Flooded streets in Regent near Freetown, 14 August 2017.
People were wading through streets waist-deep in muddy water

The English speaking West African nation of Sierra Leone has seen it’s fair share of disasters. There was a crippling civil war of the government and people versus foreign backed rebels led by Foday Sankoh where many several citizens were amputated to the Ebola virus that decimated huge numbers of people.
Nigerians and other West Africans came out to help.

This time, it is a massive mudslide, with death toll from the massive flooding in the outskirts of Freetown climbing up to “at least 312”, Patrick Massaquoi, a spokesman for the local Red Cross, told AFP.
Massaquoi warned that the toll could rise further as his team continued to survey disaster areas in and around the capital city, where heavy rains have caused homes to disappear under water and triggered a mudslide.

Earlier, Sierra Leone’s vice-president, Victor Foh, said it was “likely that hundreds are lying dead underneath the rubble,” adding that a number of illegal buildings had been erected in the area.
“The disaster is so serious that I myself feel broken,” Foh said. “We’re trying to cordon (off) the area (and) evacuate the people.”

An AFP journalist at the scene saw bodies being carried away and houses submerged in two areas of the city, where roads turned into churning rivers of mud and corpses were washed up on the streets.

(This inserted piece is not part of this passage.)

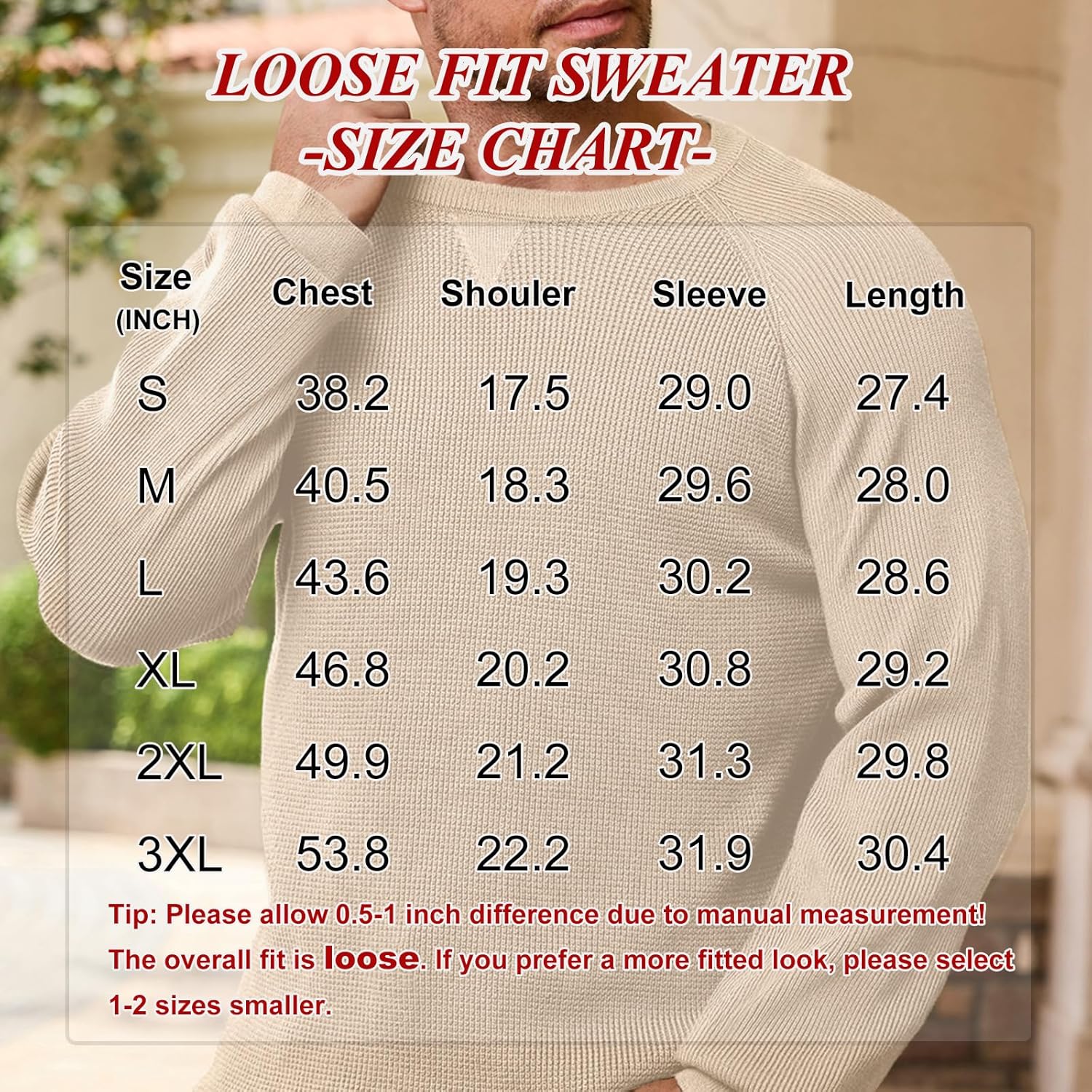 Vssjavun Mens Crewneck Sweater Winter Waffle Texture Raglan Sleeve Knitted Thermal Pullover Sweaters - Image 4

Mohamed Sinneh, a morgue technician at Freetown’s Connaught Hospital, said 180 bodies had been received so far at his facility alone, many of them children, leaving no space to lay what he described as the “overwhelming number of dead”.
Many more bodies were taken to private morgues, Sinneh said.
‘We have lost everything’.

Sierra Leone’s national television broadcaster interrupted its regular programming to show footage of desperate people trying to retrieve their loved ones’ bodies.
People cried as they looked at the damage under torrential rain, gesturing toward a muddy hillside where dozens of houses used to stand, a witness said.
Fatmata Sesay, who lives on the hilltop area of Juba, said she, her three children and husband were awoken at 4:30 am by rain beating down on the mud house they occupy, which was by then submerged by water.
She managed to escape by climbing onto the roof.
“We have lost everything and we do not have a place to sleep,” she told AFP.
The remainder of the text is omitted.